KingKevin wrote:Not necessarily trying to conserve my brakes. It give me better stopping distance and I was told it was good for the engine.
False. Engine braking is NOT "GOOD" for your engine, tranny or other aspects of your "drive train". It MAY indeed reduce the incremental brake wear that is expended if you DON'T engine brake, but fundamentally, the engine, is NOT a brake. Using it to create drive train resistance to decelerate the car is placing the loads of momentum onto the entire system, CV joints, transmission components, engine components and has it's non-value add (and even outright negative) effect. Wear on brake pads and systems alleviates transfer of forward momentum forces through all the rest of the drive train. The "buck" stops AT the wheel's point of rotation, no transfer and distributed parasitic load loss.
Don't get me wrong, there IS a time and place to utilize engine braking for a NUMBER of reasons. Performance, balance, load distribution under decel that creates drive-train based "drag" on rear (in rear-drive cars) to stabilize decel on poor traction surfaces, etc, etc... so engine braking should not be dismissed altogether, rather understood and used accordingly.
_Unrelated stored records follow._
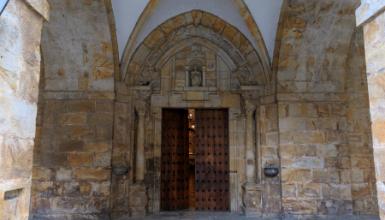 Kirche Nuestra Seora de la Asuncin
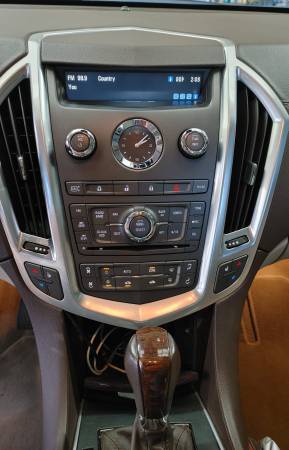 2011 Cadillac SRX for sale in Thorndale, TX – photo 6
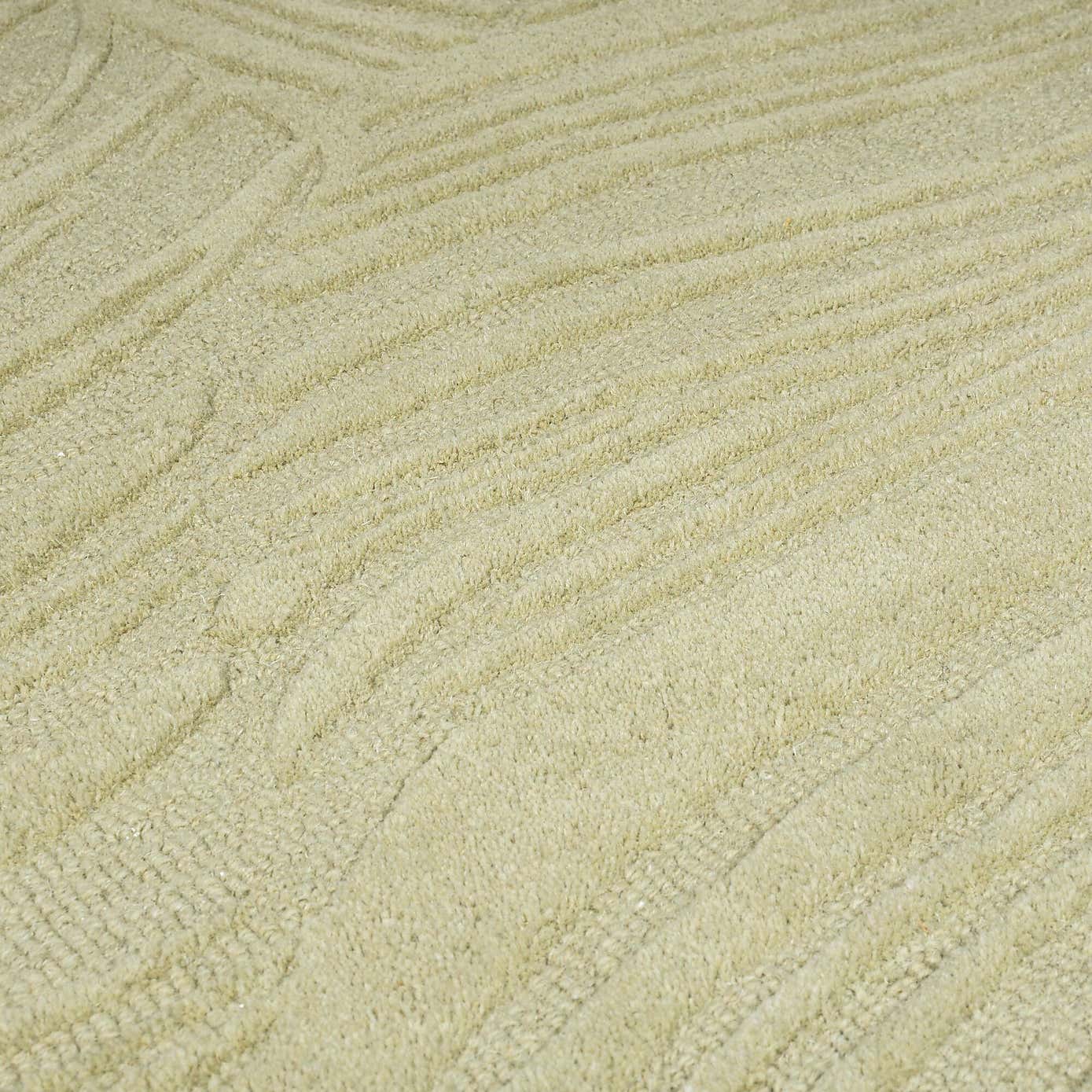 Lino Leaf Rug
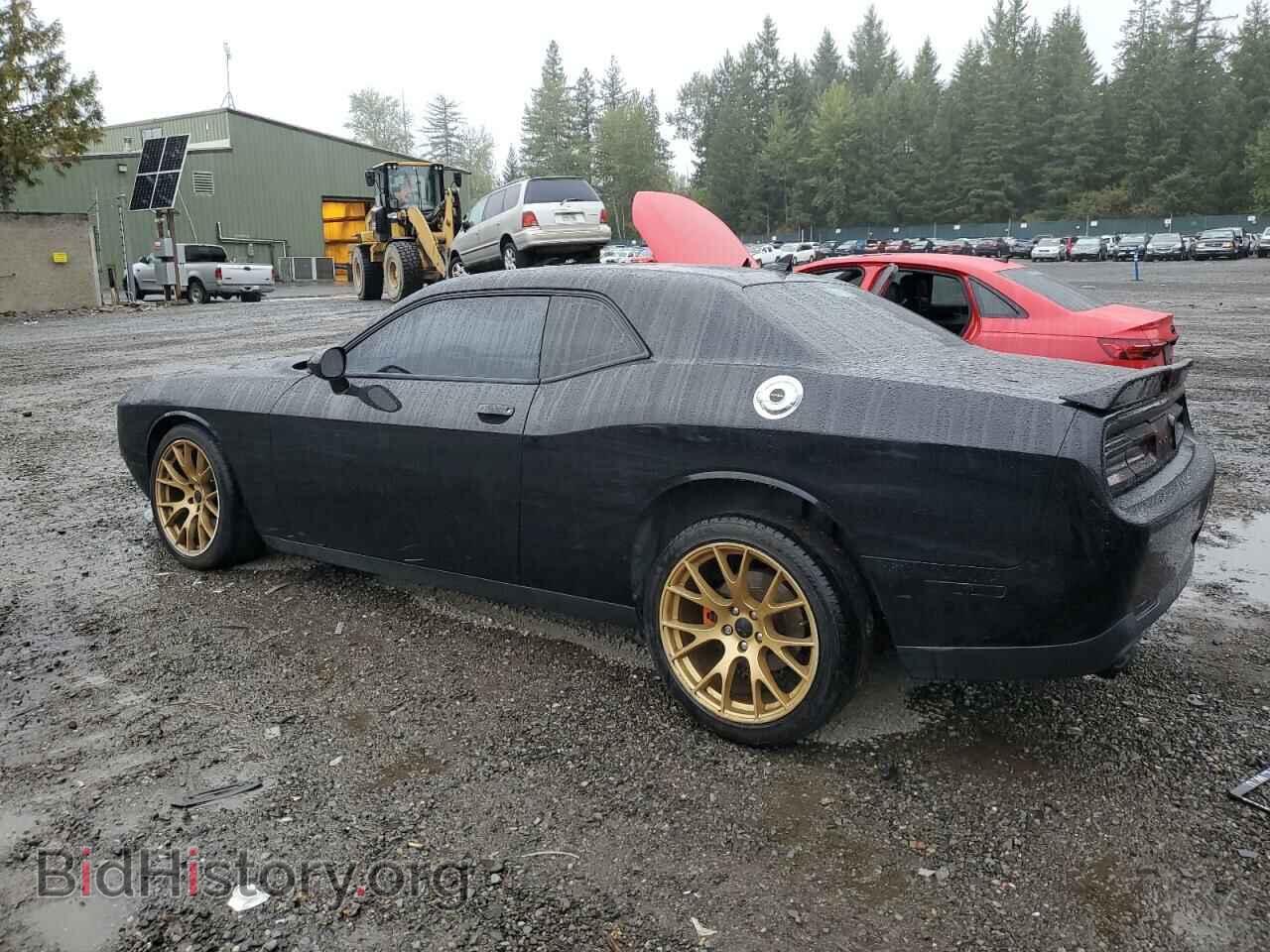 2017 DODGE CHALLENGER - VIN: 2C3CDZAG5HH540747 - Photo 2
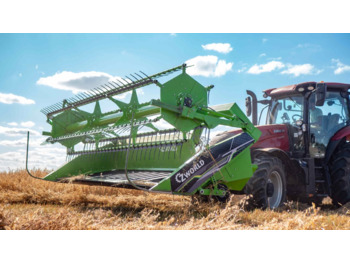 Lizing Claas SWATHER faucheuse andaineuse ZWORLD Claas SWATHER faucheuse andaineuse ZWORLD: slika 1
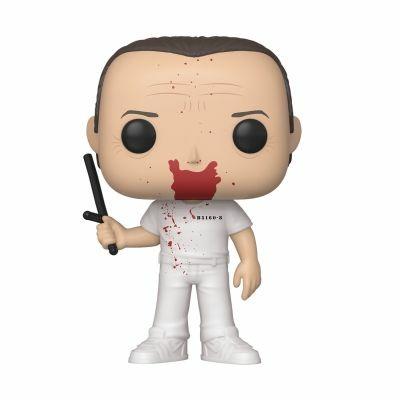 Funko Pop! Movies: - Silence Of The Lambs - Hannibal (Blood Splatter) - 2
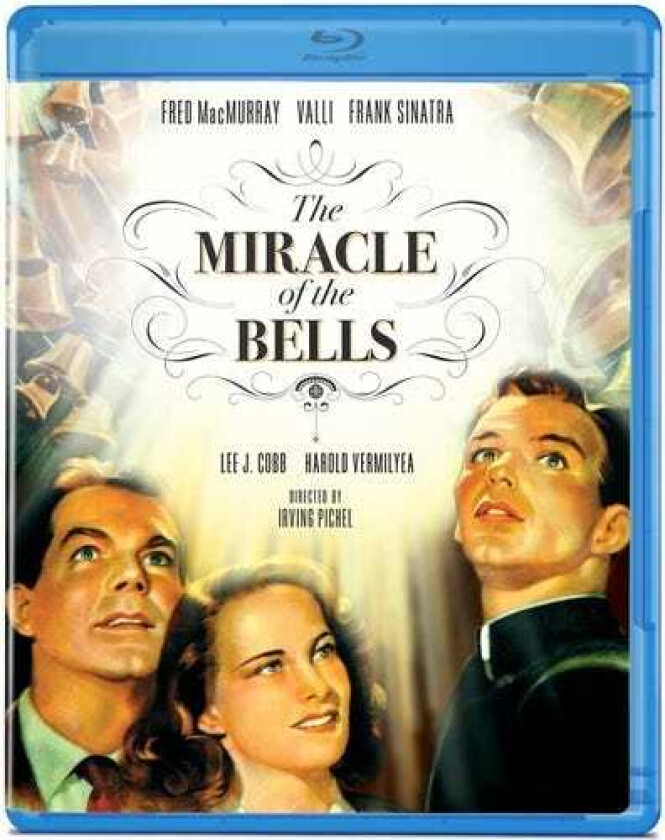 Miracle Of The Bells Bluray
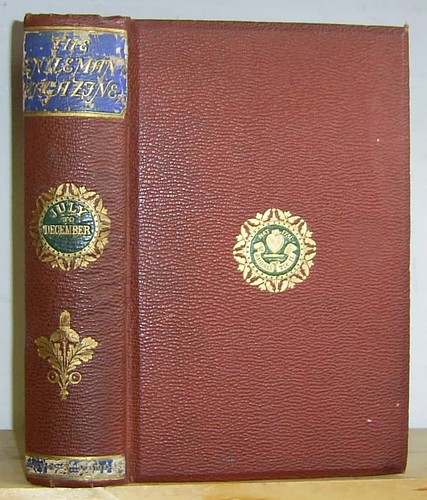 Image for The Gentleman's Magazine, Volume CCLXI (261), July - December 1886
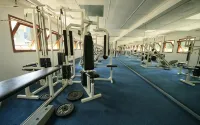 Hotel Concordia Bumi Sangkuriang Bandung - Fitnessstudio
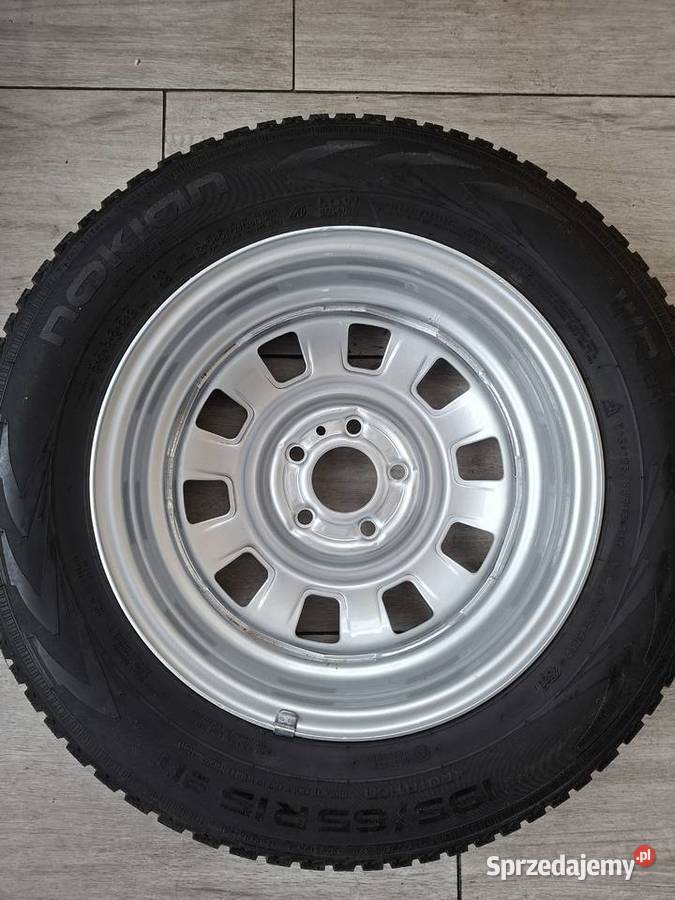 Felgi koła Volvo 240 740 760 940 15 5x108 Wrocław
However, fundamentally, you should shave speed with the brakes as your primary deceleration source, and EVEN when engine braking, there should be a combination of BOTH utilized for optimum effect.
As far as "damage" from downshifting an A/T... so long as you don't do it from excessively high RPM points, the car is designed to handle it without major risk.
NOTE: As a point of reference, in HYBRID or electric vehicles, the deceleration is positively transferred through the drive train deliberately to load the electric motor in the drive system and "capture" the energy through regenerative braking principles which recharge the battery by causing the electric motor to now act like a "generator" or "alternator". Both good for decel aid along with the brakes AND functional in a value-add way. Not so with a non-electric system, where the mechanical transfer back of momentum through the system is being dissipated as HEAT through various units. Heat is NEVER a good element to introduce INTO the motor and/or tranny or drive train unnecessarily.
(Energy is never "lost", just transferred to another form... right?)